Tantangan Kiai NU: Dulu Wahabi di Saudi, Sekarang di Kanan Kiri

SILATURAHIM: Kiai Said Aqil Siroj bersama kiai NU Jatim, termasuk Gus Hans, di PWNU Jatim. | Foto: Barometerjatim.com/ROY HS
SILATURAHIM: Kiai Said Aqil Siroj bersama kiai NU Jatim, termasuk Gus Hans, di PWNU Jatim. | Foto: Barometerjatim.com/ROY HS

SURABAYA, Barometerjatim.com – Jelang puncak peringatan Hari Santri Nasional (HSN) 2019, Ketua Umum Pengurus Besar Nahdlatul Ulama (PBNU), KH Said Aqil Soroj dan jajaran pengurus melakukan ziarah ke para pendiri NU.

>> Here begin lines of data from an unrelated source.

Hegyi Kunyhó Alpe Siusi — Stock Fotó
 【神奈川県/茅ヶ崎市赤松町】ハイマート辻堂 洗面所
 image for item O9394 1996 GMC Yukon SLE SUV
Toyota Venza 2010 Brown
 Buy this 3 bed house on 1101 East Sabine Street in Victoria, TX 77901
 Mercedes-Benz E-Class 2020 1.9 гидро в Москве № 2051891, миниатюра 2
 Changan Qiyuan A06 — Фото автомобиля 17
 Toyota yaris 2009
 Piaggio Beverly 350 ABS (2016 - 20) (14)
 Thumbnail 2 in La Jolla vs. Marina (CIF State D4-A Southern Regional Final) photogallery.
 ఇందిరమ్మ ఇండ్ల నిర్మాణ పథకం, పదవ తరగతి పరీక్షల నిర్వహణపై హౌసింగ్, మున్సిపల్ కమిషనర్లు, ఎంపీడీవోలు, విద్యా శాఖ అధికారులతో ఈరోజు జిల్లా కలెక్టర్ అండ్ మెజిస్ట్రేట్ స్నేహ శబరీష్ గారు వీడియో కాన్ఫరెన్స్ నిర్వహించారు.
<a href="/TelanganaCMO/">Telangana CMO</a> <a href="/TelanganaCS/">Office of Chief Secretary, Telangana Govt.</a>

Di antaranya ke makam Hadratussyekh KH Hasyim Asy’ari, KH Wahab Chasbullah, KH Bisri Syansuri, KH Romly Tamim hingga Ketua Umum PBNU yang pertama, KH Hasan Gipo.

“Itu prinsip yang harus kita pertahankan. Apa? Supaya kita mengambil uswah, keteladanan dari beliau-beliau,” katanya usai menghadiri silaturahim dan sarasehan di Gedung PWNU Jatim, Surabaya, Kamis (17/10/2019) malam.

“Kita harus mampu melanjutkan, berestafet, bahkan lebih baik lagi atau lebih kuat lagi dari beliau-beliau,” imbuhnya.

Kiai Said menambahkan, tantangan kiai NU saat ini dan ke depan luar biasa, bahkan bisa dibilang lebih dari yang dihadapi para kiai terdahulu untuk beberapa hal.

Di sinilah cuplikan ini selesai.